|
Date Published: 2001-02-16
During the growth curve of every Perl hacker they come to managing
complex data structures like hash of hashes and lists of lists, etc. They
usually get the hang of it with help from
perllol,
perldsc, some good
books, usenet, #perl and whatever other resources they can find. But one
subtle Perl feature seems to trip many of them up and that is the
subject of this tutorial.
Let's say you create a data structure like this:
[Code]
$HoH = {
'foo' => {
'x' => 23,
},
'bar' => {
'y' => 18,
},
} ;
|
We can print this using Data::Dumper.
[Code]
use Data::Dumper ;
print Dumper $HoH ; |
and we see:
[Output]
$VAR1 = {
'foo' => {
'x' => 23
},
'bar' => {
'y' => 18
}
};
|
which is what we expect.
But now we try to see if there is a entry for $HoH->{'baz'}{'z'} which
we know doesn't exist. And we are smart enough to test it with exists:
[Code]
print "baz->z doesn't exist\n"
unless exists $HoH->{'baz'}{'z'} ;
print Dumper $HoH ;
|
But when we look at the data structure again we see:
[Output]
$VAR1 = {
'foo' => {
'x' => 23
},
'baz' => {},
'bar' => {
'y' => 18
}
};
|
Where did that 'baz' entry come from? We never created it? Or did we?

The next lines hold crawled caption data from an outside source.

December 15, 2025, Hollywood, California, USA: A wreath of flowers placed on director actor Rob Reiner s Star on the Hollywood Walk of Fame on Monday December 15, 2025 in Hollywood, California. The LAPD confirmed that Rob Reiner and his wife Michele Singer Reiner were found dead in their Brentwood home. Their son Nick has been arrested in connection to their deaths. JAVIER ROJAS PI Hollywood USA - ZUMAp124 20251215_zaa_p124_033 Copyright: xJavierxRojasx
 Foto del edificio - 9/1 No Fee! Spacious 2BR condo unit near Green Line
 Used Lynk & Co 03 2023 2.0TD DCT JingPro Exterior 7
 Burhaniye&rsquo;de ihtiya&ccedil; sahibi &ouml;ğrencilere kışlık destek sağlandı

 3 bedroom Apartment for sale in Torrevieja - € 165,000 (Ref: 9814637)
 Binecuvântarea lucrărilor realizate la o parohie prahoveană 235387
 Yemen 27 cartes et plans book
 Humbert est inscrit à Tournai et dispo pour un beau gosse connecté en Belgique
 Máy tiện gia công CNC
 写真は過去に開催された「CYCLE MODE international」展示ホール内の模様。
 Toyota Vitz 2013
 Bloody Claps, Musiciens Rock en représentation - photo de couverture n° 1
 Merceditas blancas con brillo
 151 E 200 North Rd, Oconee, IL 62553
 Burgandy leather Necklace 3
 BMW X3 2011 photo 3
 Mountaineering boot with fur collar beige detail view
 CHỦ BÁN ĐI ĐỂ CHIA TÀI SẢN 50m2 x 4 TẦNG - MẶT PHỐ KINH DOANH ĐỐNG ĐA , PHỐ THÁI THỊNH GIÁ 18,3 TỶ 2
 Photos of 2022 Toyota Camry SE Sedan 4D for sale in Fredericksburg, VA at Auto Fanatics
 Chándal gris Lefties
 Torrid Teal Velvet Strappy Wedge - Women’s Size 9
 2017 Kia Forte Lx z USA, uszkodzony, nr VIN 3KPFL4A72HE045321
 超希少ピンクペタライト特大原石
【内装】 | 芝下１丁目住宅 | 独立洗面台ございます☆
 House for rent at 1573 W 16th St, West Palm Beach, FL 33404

What happened is that Perl saw that $HoH->{'baz'} was being used as a
hash reference (referring to a hash with 'z' as the key) and that
$HoH->{'baz'} was not defined (actually it doesn't exist either) so Perl
created it for you. That is called autovivification which means bringing
to life automagically!
Here is the same concept but with anonymous arrays instead of hashes:
[Code]
$LoL = [
[ 2, 4, 6 ],
[ 3, 5, 7 ],
] ;
print Dumper $LoL ;
|
[Output]
$VAR1 = [
[
2,
4,
6
],
[
3,
5,
7
]
];
|
[Code]
print "[2][1] isn't defined\n"
unless defined $LoL->[2][1] ;
|
[Output]
[Code]
[Output]
$VAR1 = [
[
2,
4,
6
],
[
3,
5,
7
],
[]
];
|
Notice the anonymous array created in $LoL->[2]! It just got
autovivified because the code assumed it had to exist and Perl created
it for you.
Here is another example which is a common idiom and confuses some
newbies:
[Code]
$list_ref = undef ;
push @{$list_ref}, 1 .. 4 ;
print Dumper $list_ref ;
|
[Output]
Note that undef is only assigned to $list_ref for this example. In
normal code it would probably be a my'ed variable and start out
undefined. Without autovivification you would have to assign an empty
anonymous array to $list_ref first.
[Code]
$list_ref = [] ;
push @{$list_ref}, 1 .. 4 ;
|
A variant on that would be:
[Code]
push @{$list_ref ||= []}, 1 .. 4 ;
|
That initializes $list_ref to []
if it is false (most likely it was undefined as in the above cases).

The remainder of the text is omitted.